If Microsoft is the archetype of a hugely successful
company trying to tone its earnings down so people
don't get their expectations too high, Boston Chicken
bespeaks an altogether different and more common
phenomenon. It is a business that isn't successful
yet but has used accounting to help convince
investors that it already is, or at least will be
soon. This has enabled it to raise more than $800
million in stock and convertible debt offerings,
money which has been essential not only to the
company's rapid growth--from 175 Boston Chicken
restaurants when it went public in one of the
decade's hottest IPOs in November 1993 to 1,100
restaurants (rechristened Boston Markets) and 325
Einstein Brothers and Noah's bagel stores today--but
to its very survival. That's because, economically
speaking, Boston Chicken is still a big money loser,
as probably can be expected of a startup restaurant
chain. All the losses, however, have been incurred by
"financed area developers," or FADs, which is Boston
Chicken lingo for large-scale franchisees that act a
lot like subsidiaries but aren't. If they were, their
losses would have to be reported on Boston Chicken's
income statement (they are instead disclosed, on an
annual basis only, deep in the text of the company's
SEC filings). The FADs get 75% of their startup
capital in loans from Boston Chicken, and with that
money they pay the company the royalties, franchise
fees, and interest that allow it to report
ever-rising profits. Once the restaurants start
making money, Boston Chicken exercises its right to
convert the loans into equity, officially dubbing the
FADs subsidiaries and allowing their profits to flow
to its bottom line.
That's the plan, at least, as
outlined with somewhat more
delicacy in the company's 1993
annual report. And so far it has worked. Sure,
business publications have printed nasty articles
about the company, accounting professors have warned
their students about it, and shortsellers have lined
up in droves to place bets that its stock price will
crash. But Boston Chicken's stock price has more than
held its own. Part of investors' sanguinity has to do
with the track record of the two former Blockbuster
Entertainment bigwigs who run it, CEO Scott Beck and
President Saad Nadhir, and the belief that America
really is hungry for takeout chicken, ham, and meat
loaf. But it sure doesn't hurt, analysts and money
managers say, that not only is Boston Chicken able to
report earnings every quarter, but those earnings
have so far never failed to meet or surpass analysts'
expectations--even though those analysts all know
that the earnings in no significant way reflect how
the company is doing. "It's a very smart strategy,"

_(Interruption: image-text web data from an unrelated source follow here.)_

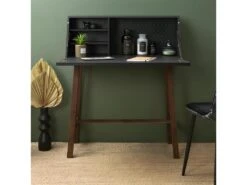 Cabinet Sur Pieds Hauts Bois Fonce Emile -Meubles Soldes Boutique meuble bureau 13505083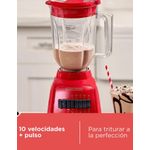LICUADORA B&D MOD. BLBD210-RLA 10V PLÁSTICA ROJA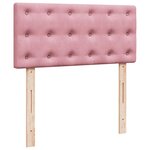 vidaXL Sommier à lattes de lit avec matelas Rose 90x200 cm Velours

says Michael Moe, a growth stock strategist at
Montgomery Securities. "It has made enormous amounts
of capital available to them at an attractive price
that most companies can only dream of."
Boston Chicken CFO Mark Stephens says his company was
structured not to please Wall Street but to provide
flexibility and motivate its franchisees. But he
acknowledges that "a byproduct of where we are with
the structure is that we have a public entity with an
earnings complexion that is attractive." He adds:
"It's like sausage. I love the product; just don't
show me how it's made."
Another company that has used aggressive accounting
to raise money is America Online. AOL's practice of
capitalizing and writing off over two years the cost
of those ubiquitous free disks and ads it used to
lure members was highly controversial, and was
abandoned in October. But for years it allowed the
company to post earnings most of the time instead of
losses, which helped it to raise more than $350
million on the stock market. Says Wharton School
accounting professor Richard Sloan, referring to both
Boston Chicken and AOL: "They just view accounting as
another marketing tool that they should use to try
and promote their ideas."
Boston Chicken and America Online are extreme cases.
So is Microsoft. The mass of companies lead lives
somewhere in between. When they manage earnings, they
do it simply to smooth the ups and downs of business
life, and of course to meet those Wall Street
earnings estimates. Is there evidence of widespread
earnings management? You bet. Looking at 17 years of
I/B/E/S data on more than 1,000 companies, Jeff Payne
of the University of Mississippi and Sean Robb of
Canada's Wilfrid Laurier University found an
unmistakable pattern of using accruals (i.e.,
judgment calls) to manage earnings upward if they
were below the analysts' consensus and a somewhat
less pronounced trend of managing them downward if
they were above the consensus.
General Electric, a company whose name invariably
comes up when you ask Wall Streeters about earnings
management, says it does what it does because the
stock market demands it. "We think consistency of
earnings and no surprises is very important for us,"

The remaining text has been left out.